Zimmer Biomet's robotic surgical system ROSA One Brain application gains FDA clearance

Zimmer Biomet announced Monday that its next-generation robotic surgical navigation and positioning system, dubbed the ROSA One Brain application, received FDA clearance for use in neurosurgical procedures. The company noted that the platform, which builds upon the ROSA Brain application with enhanced performance and usability, was designed to be expandable into other specialties, with a spine application pending clearance.

According to Zimmer Biomet, a single robot that is able to perform both brain and spine surgery will "significantly advance" the company's position in the robotic surgical space. Specifically, Zimmer Biomet said that the ROSA One Brain application can be used to assist in minimally invasive neurosurgery procedures, such as biopsies and deep brain stimulation, and the "ROSA One Spine application is expected to bring these same robotic advantages to thoracolumbar spine surgery, assisting in the accurate and reproducible placement of surgical instruments in spinal procedures."

Zimmer Biomet gained the ROSA Brain application through its acquisition of surgical robot company Medtech in 2016. Meanwhile, last month, the FDA granted 510(k) clearance for the ROSA Knee system for robotically-assisted total knee replacement surgeries.

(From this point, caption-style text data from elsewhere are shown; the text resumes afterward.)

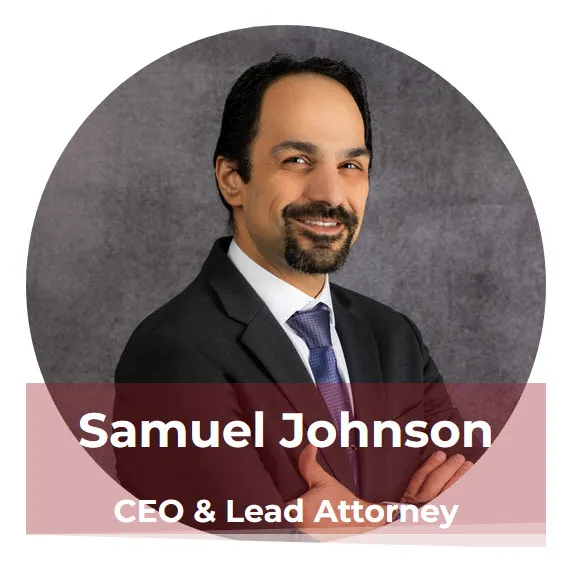 Samuel Johnson and Associates 6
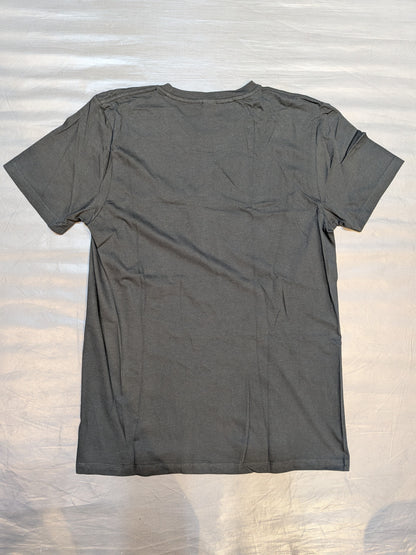 リッキー・マルビン「30周年記念」ピクチャーTシャツ②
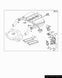 Фільтр повітряний MERCEDES m 273 / ml w164 / gl x164 / slk r171 / c w203/w204 / glk x204 / e c207/w211/w212 / cl c215/c216 / cls PM-1213 фото 4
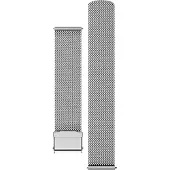 Asus Bracelets ZenWatch 2 (Acier inoxydable), Sangles de montre, Argent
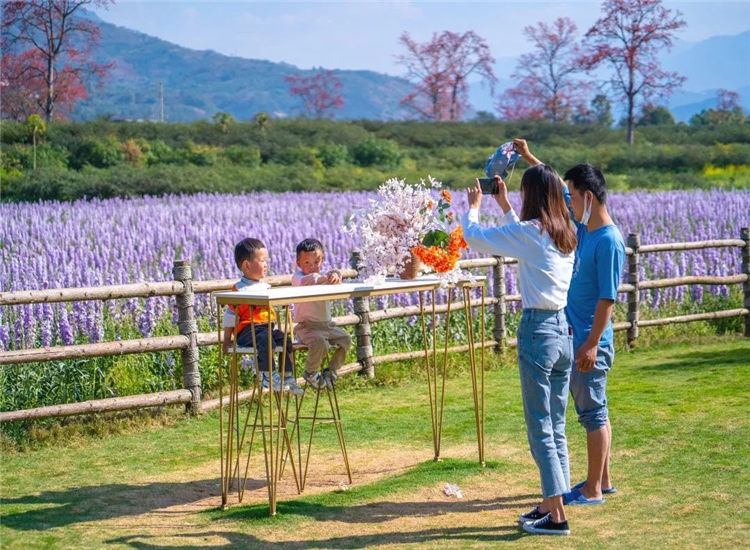 騰沖旅游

A number of traditional medical technology companies have been moving into the robotic surgery space, with Medtronic buying Mazor Robotics last year for $1.7-billion. More recently, sources suggested that Johnson & Johnson is looking to buy Auris Health in an effort to add surgical robotic technology to its portfolio, and is willing to pay a premium to the latter's $2-billion valuation from its latest round of funding.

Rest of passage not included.